* **WORK REQUEST**: Each record has to be repeated exactly as given.

* **MATERIAL SUPPLIED**:
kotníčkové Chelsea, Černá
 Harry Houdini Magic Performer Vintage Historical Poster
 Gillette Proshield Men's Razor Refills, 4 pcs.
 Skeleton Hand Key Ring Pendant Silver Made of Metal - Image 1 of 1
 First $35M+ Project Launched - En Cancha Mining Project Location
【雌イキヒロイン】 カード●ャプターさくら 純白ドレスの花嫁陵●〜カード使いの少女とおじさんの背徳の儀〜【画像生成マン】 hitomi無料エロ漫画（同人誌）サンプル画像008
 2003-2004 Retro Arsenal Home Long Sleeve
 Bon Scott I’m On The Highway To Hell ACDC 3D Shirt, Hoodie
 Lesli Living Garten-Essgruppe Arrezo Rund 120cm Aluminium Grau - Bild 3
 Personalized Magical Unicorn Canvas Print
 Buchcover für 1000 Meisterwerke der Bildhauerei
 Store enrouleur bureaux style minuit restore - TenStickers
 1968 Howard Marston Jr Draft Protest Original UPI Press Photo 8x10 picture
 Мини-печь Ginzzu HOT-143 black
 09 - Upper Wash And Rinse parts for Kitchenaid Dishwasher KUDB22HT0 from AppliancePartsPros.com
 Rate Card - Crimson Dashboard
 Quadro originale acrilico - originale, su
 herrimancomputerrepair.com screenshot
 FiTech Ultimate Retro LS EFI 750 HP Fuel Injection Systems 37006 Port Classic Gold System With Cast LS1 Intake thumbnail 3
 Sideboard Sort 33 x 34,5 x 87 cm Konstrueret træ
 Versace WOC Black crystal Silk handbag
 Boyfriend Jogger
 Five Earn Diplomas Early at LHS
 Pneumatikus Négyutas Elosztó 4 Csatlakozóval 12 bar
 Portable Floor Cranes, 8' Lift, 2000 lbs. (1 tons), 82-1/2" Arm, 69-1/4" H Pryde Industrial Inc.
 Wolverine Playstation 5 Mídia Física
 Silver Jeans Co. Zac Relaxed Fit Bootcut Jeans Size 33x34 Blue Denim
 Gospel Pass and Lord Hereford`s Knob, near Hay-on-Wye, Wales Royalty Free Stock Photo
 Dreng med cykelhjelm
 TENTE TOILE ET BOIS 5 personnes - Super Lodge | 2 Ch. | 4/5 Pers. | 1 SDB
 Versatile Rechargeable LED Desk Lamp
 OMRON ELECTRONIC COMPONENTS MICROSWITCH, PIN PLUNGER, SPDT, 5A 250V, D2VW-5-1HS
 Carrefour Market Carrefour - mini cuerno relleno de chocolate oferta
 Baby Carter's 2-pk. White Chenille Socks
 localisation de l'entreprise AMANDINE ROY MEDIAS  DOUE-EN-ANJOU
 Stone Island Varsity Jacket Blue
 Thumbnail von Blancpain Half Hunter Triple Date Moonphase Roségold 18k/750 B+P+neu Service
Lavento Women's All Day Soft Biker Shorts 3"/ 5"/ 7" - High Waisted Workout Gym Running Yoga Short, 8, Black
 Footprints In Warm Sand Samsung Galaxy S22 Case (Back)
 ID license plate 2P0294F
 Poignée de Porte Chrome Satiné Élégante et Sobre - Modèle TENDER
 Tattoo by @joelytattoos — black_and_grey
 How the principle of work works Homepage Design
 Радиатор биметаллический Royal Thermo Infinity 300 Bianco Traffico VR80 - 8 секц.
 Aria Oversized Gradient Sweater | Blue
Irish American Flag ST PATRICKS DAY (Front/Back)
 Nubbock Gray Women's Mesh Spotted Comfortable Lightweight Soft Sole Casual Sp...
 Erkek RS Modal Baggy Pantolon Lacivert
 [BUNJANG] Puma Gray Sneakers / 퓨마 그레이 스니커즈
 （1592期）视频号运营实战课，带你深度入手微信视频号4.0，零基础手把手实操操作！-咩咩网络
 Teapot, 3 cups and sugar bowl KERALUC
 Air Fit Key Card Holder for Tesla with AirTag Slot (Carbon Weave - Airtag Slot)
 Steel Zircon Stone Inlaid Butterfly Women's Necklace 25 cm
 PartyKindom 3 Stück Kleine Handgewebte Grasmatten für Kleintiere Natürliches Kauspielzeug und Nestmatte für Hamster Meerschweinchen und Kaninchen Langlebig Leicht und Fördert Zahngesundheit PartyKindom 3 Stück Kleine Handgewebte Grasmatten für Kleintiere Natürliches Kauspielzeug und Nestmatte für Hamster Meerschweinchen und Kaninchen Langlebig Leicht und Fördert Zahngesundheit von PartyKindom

* **EXPECTED ANSWER**:
kotníčkové Chelsea, Černá
 Harry Houdini Magic Performer Vintage Historical Poster
 Gillette Proshield Men's Razor Refills, 4 pcs.
 Skeleton Hand Key Ring Pendant Silver Made of Metal - Image 1 of 1
 First $35M+ Project Launched - En Cancha Mining Project Location
【雌イキヒロイン】 カード●ャプターさくら 純白ドレスの花嫁陵●〜カード使いの少女とおじさんの背徳の儀〜【画像生成マン】 hitomi無料エロ漫画（同人誌）サンプル画像008
 2003-2004 Retro Arsenal Home Long Sleeve
 Bon Scott I’m On The Highway To Hell ACDC 3D Shirt, Hoodie
 Lesli Living Garten-Essgruppe Arrezo Rund 120cm Aluminium Grau - Bild 3
 Personalized Magical Unicorn Canvas Print
 Buchcover für 1000 Meisterwerke der Bildhauerei
 Store enrouleur bureaux style minuit restore - TenStickers
 1968 Howard Marston Jr Draft Protest Original UPI Press Photo 8x10 picture
 Мини-печь Ginzzu HOT-143 black
 09 - Upper Wash And Rinse parts for Kitchenaid Dishwasher KUDB22HT0 from AppliancePartsPros.com
 Rate Card - Crimson Dashboard
 Quadro originale acrilico - originale, su
 herrimancomputerrepair.com screenshot
 FiTech Ultimate Retro LS EFI 750 HP Fuel Injection Systems 37006 Port Classic Gold System With Cast LS1 Intake thumbnail 3
 Sideboard Sort 33 x 34,5 x 87 cm Konstrueret træ
 Versace WOC Black crystal Silk handbag
 Boyfriend Jogger
 Five Earn Diplomas Early at LHS
 Pneumatikus Négyutas Elosztó 4 Csatlakozóval 12 bar
 Portable Floor Cranes, 8' Lift, 2000 lbs. (1 tons), 82-1/2" Arm, 69-1/4" H Pryde Industrial Inc.
 Wolverine Playstation 5 Mídia Física
 Silver Jeans Co. Zac Relaxed Fit Bootcut Jeans Size 33x34 Blue Denim
 Gospel Pass and Lord Hereford`s Knob, near Hay-on-Wye, Wales Royalty Free Stock Photo
 Dreng med cykelhjelm
 TENTE TOILE ET BOIS 5 personnes - Super Lodge | 2 Ch. | 4/5 Pers. | 1 SDB
 Versatile Rechargeable LED Desk Lamp
 OMRON ELECTRONIC COMPONENTS MICROSWITCH, PIN PLUNGER, SPDT, 5A 250V, D2VW-5-1HS
 Carrefour Market Carrefour - mini cuerno relleno de chocolate oferta
 Baby Carter's 2-pk. White Chenille Socks
 localisation de l'entreprise AMANDINE ROY MEDIAS  DOUE-EN-ANJOU
 Stone Island Varsity Jacket Blue
 Thumbnail von Blancpain Half Hunter Triple Date Moonphase Roségold 18k/750 B+P+neu Service
Lavento Women's All Day Soft Biker Shorts 3"/ 5"/ 7" - High Waisted Workout Gym Running Yoga Short, 8, Black
 Footprints In Warm Sand Samsung Galaxy S22 Case (Back)
 ID license plate 2P0294F
 Poignée de Porte Chrome Satiné Élégante et Sobre - Modèle TENDER
 Tattoo by @joelytattoos — black_and_grey
 How the principle of work works Homepage Design
 Радиатор биметаллический Royal Thermo Infinity 300 Bianco Traffico VR80 - 8 секц.
 Aria Oversized Gradient Sweater | Blue
Irish American Flag ST PATRICKS DAY (Front/Back)
 Nubbock Gray Women's Mesh Spotted Comfortable Lightweight Soft Sole Casual Sp...
 Erkek RS Modal Baggy Pantolon Lacivert
 [BUNJANG] Puma Gray Sneakers / 퓨마 그레이 스니커즈
 （1592期）视频号运营实战课，带你深度入手微信视频号4.0，零基础手把手实操操作！-咩咩网络
 Teapot, 3 cups and sugar bowl KERALUC
 Air Fit Key Card Holder for Tesla with AirTag Slot (Carbon Weave - Airtag Slot)
 Steel Zircon Stone Inlaid Butterfly Women's Necklace 25 cm
 PartyKindom 3 Stück Kleine Handgewebte Grasmatten für Kleintiere Natürliches Kauspielzeug und Nestmatte für Hamster Meerschweinchen und Kaninchen Langlebig Leicht und Fördert Zahngesundheit PartyKindom 3 Stück Kleine Handgewebte Grasmatten für Kleintiere Natürliches Kauspielzeug und Nestmatte für Hamster Meerschweinchen und Kaninchen Langlebig Leicht und Fördert Zahngesundheit von PartyKindom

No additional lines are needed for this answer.